• _What is expected_: The pictures in the listing below are to be skipped, while the lines between the line holding "Lenjerie de Pat" and the line holding "Retro Pixel Ritter", inclusive, are to be output exactly.

• _Input data_:
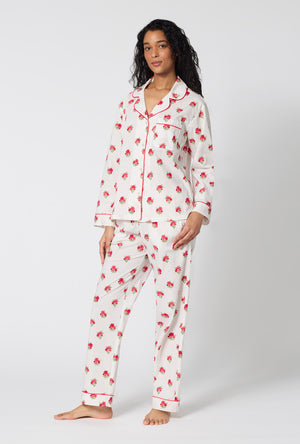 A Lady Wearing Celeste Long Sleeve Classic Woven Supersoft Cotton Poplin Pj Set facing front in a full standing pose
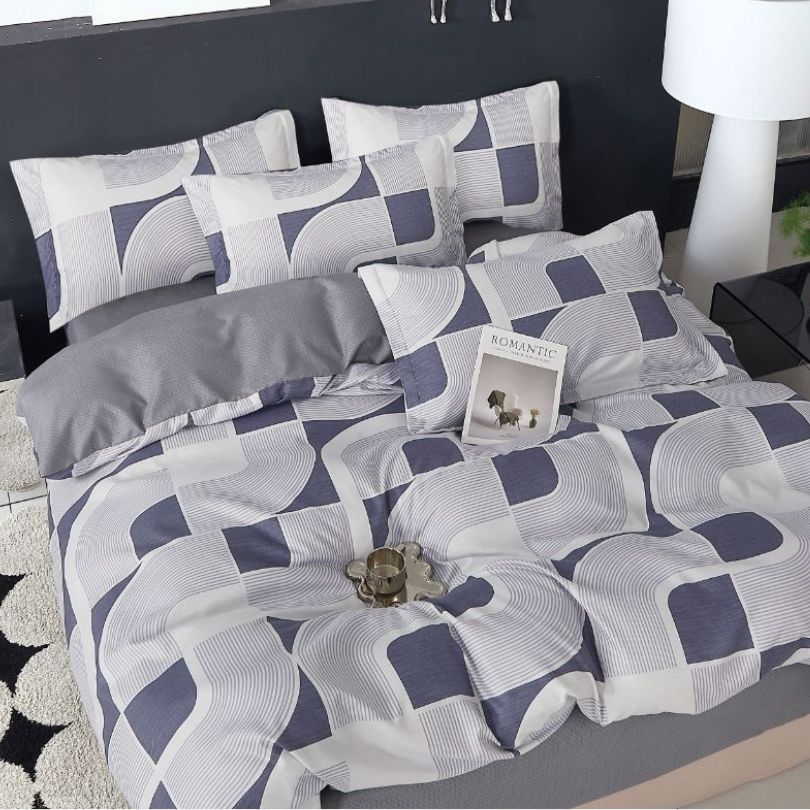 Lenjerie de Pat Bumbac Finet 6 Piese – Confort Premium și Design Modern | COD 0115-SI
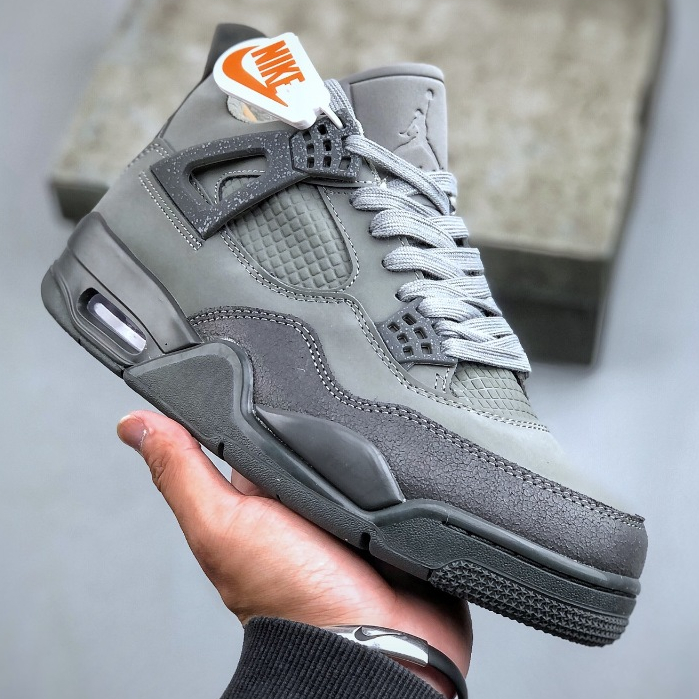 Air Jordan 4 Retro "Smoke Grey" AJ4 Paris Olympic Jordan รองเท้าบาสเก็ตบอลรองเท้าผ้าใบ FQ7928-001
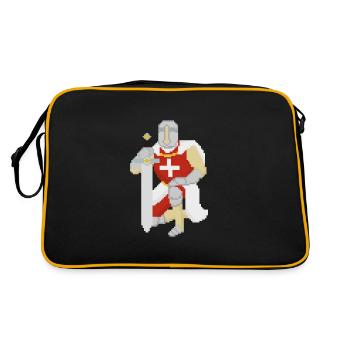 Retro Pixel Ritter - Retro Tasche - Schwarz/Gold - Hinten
---
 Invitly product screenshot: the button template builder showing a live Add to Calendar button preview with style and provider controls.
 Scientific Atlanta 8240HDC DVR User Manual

• _Response below_:
 Lenjerie de Pat Bumbac Finet 6 Piese – Confort Premium și Design Modern | COD 0115-SI
 Air Jordan 4 Retro "Smoke Grey" AJ4 Paris Olympic Jordan รองเท้าบาสเก็ตบอลรองเท้าผ้าใบ FQ7928-001
 Retro Pixel Ritter - Retro Tasche - Schwarz/Gold - Hinten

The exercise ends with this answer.